We Got Netflix Covered: Swingers, Dream Homes And Liam Neeson Fighting Wolves…

Independent Pick: Swingers (1996)


With Jon Favreau making a welcome return to the world of independent filmmaking this month with his well-received Chef, now is a good time to look back at where it all started – Swingers.

Swingers is Favreau’s first script, and is apparently based loosely on his own experience. Featuring a group of unemployed actors in Los Angeles during the 1990s swing revival, it stars Favreau as Mike – a comedian and actor who left New York and a girlfriend to pursue a career in LA. We learn that, rather than hitting the big time, he has found himself hosting an ‘open mic’ night once a week and signing with an agent that also represents magicians. Lonely and obsessed with his previous relationship, his friends Trent (Vince Vaughn), Rob (Ron Livingston), Sue (Patrick Van Horn) and Charles (Alex Desert) variously take him to parties and bars to help him move on.

This is truly excellent filmmaking. The script is sharp, with great dialogue and rich characterization, and the story flows effortlessly, with biting observations about their chosen industry invisibly woven into conversations about life, love and how obnoxious people think dating should be conducted.
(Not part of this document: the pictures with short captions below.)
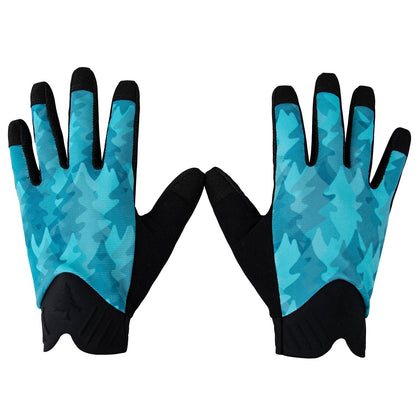 HLT Camo SendIt Evo-FT Gloves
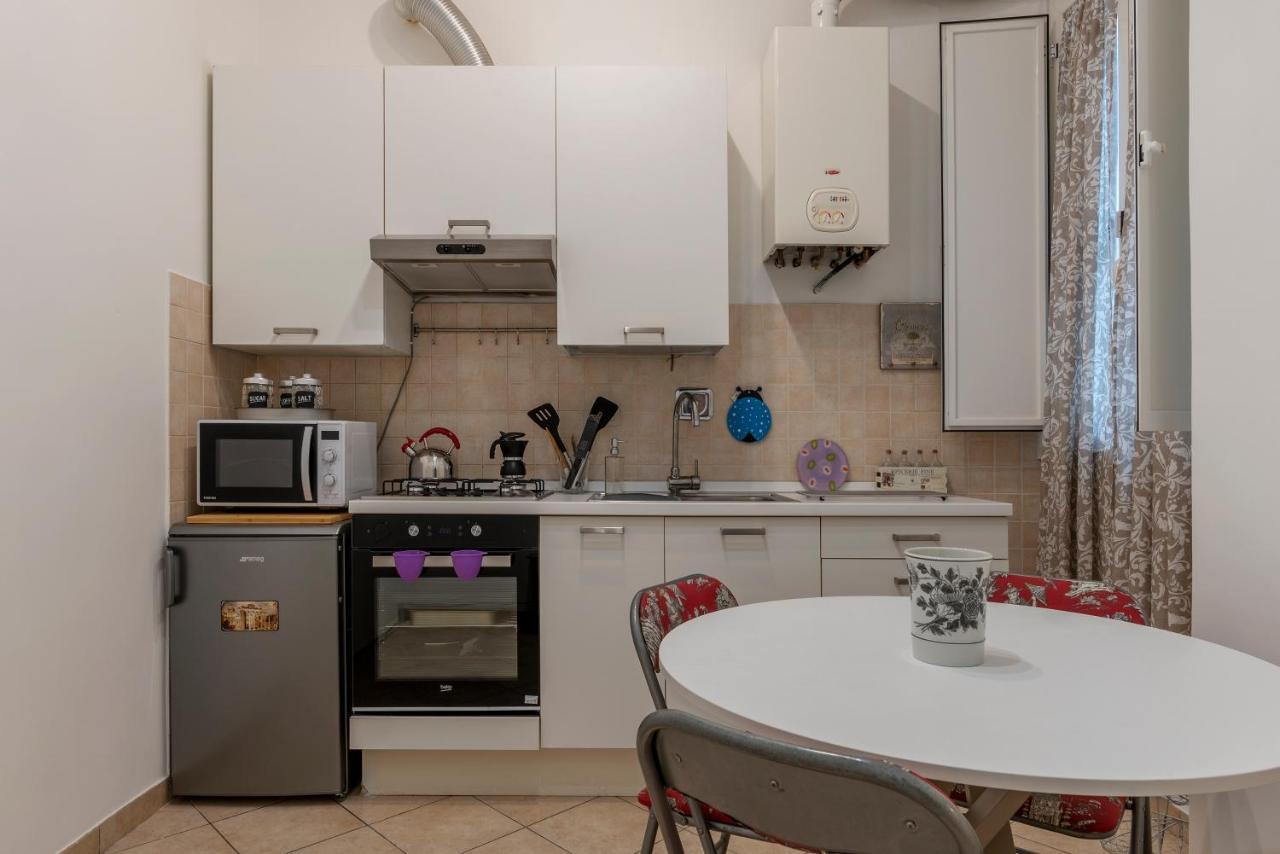רומא Villa Borghese & Villa Albani Apartment מראה חיצוני תמונה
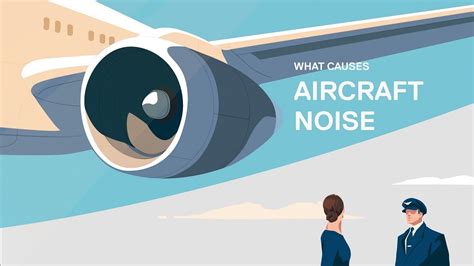 Aircraft Noise Around a Large International Airport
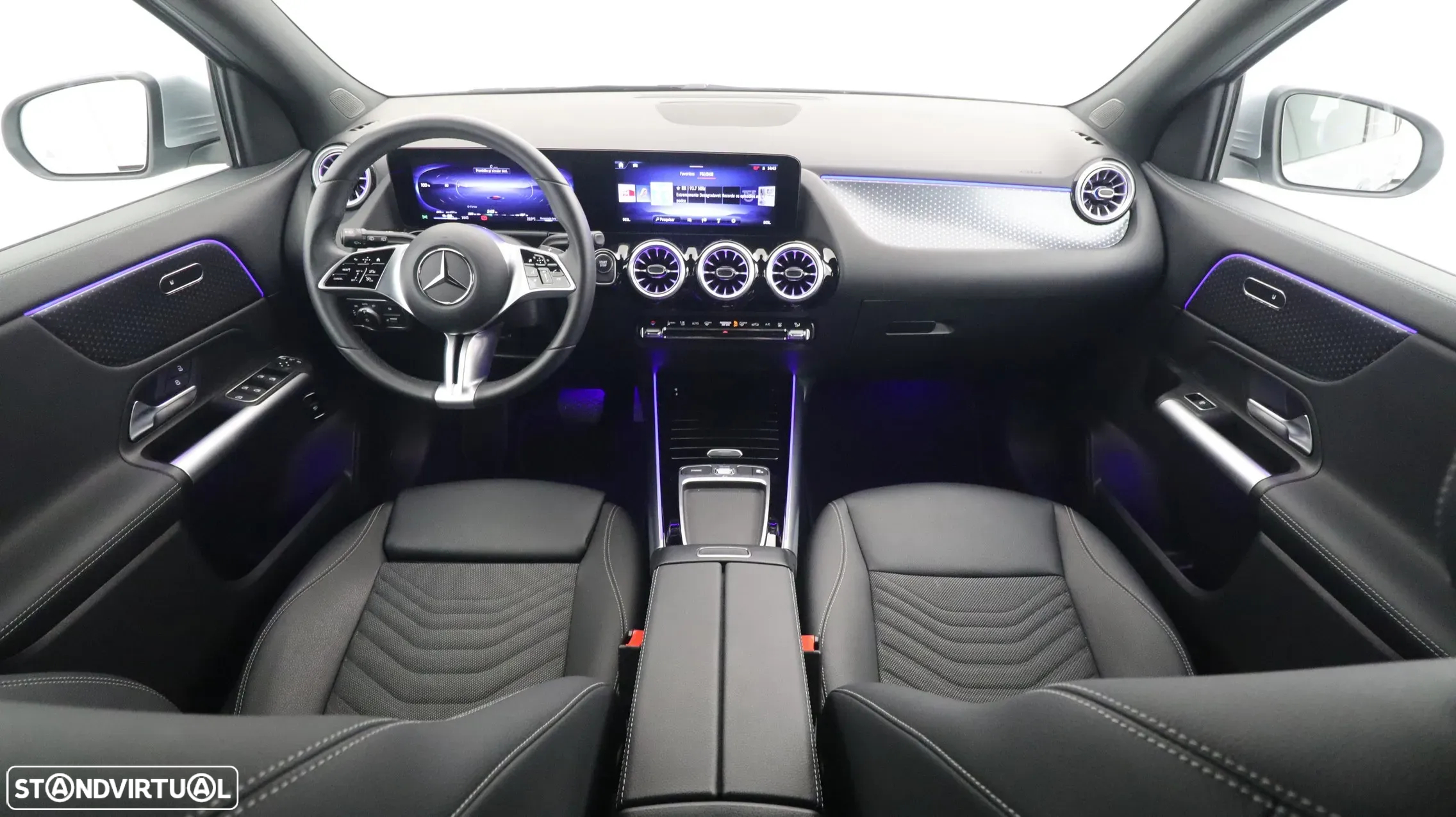 Mercedes-Benz EQA 250+ Edition - 11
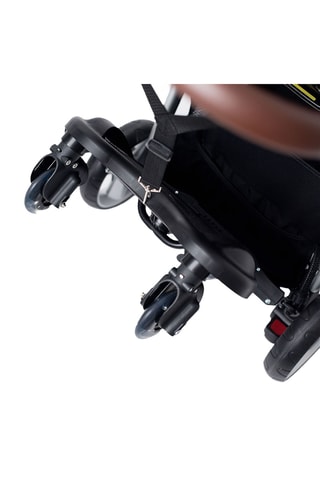 Trottinette - Noir - Dès 24 mois - jusqu’à 25 kg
The music is fabulous, too, and is used as a tool within the scenes rather than being tacked on as an afterthought. It all amounts to a movie that fits perfectly within the work of Doug Liman – who not only directed, but also served as cinematographer here.

Swingers was Liman’s second-ever feature film as director, which he soon followed up with Go and The Bourne Identity. Swingers gives us an opportunity to see this master really trying out various shots, angles, lighting and shutter speeds though, flexing his visually-creative muscles and gaining the experience he would later bring to bear on enormous blockbusters such as Mr & Mrs Smith and the soon-to-be released Edge Of Tomorrow.

All that being said, this is Favreau’s show. Eighteen years on, it is deeply satisfying to return to Swingers and watch Vince Vaughn and the man himself hatch from the restrictive chrysalis of irregular bit-parts, and unfurl their talented wings into two stunningly creative careers. Swingers showcased Vaughn’s skills to the extent that it got him his part in The Lost World: Jurassic Park, while Favreau would later kick down the door on Iron Man, letting the Marvel Cinematic Universe in. But it all began here – with the simple story of a man trying to get over a relationship, among friends in LA. Highly recommended.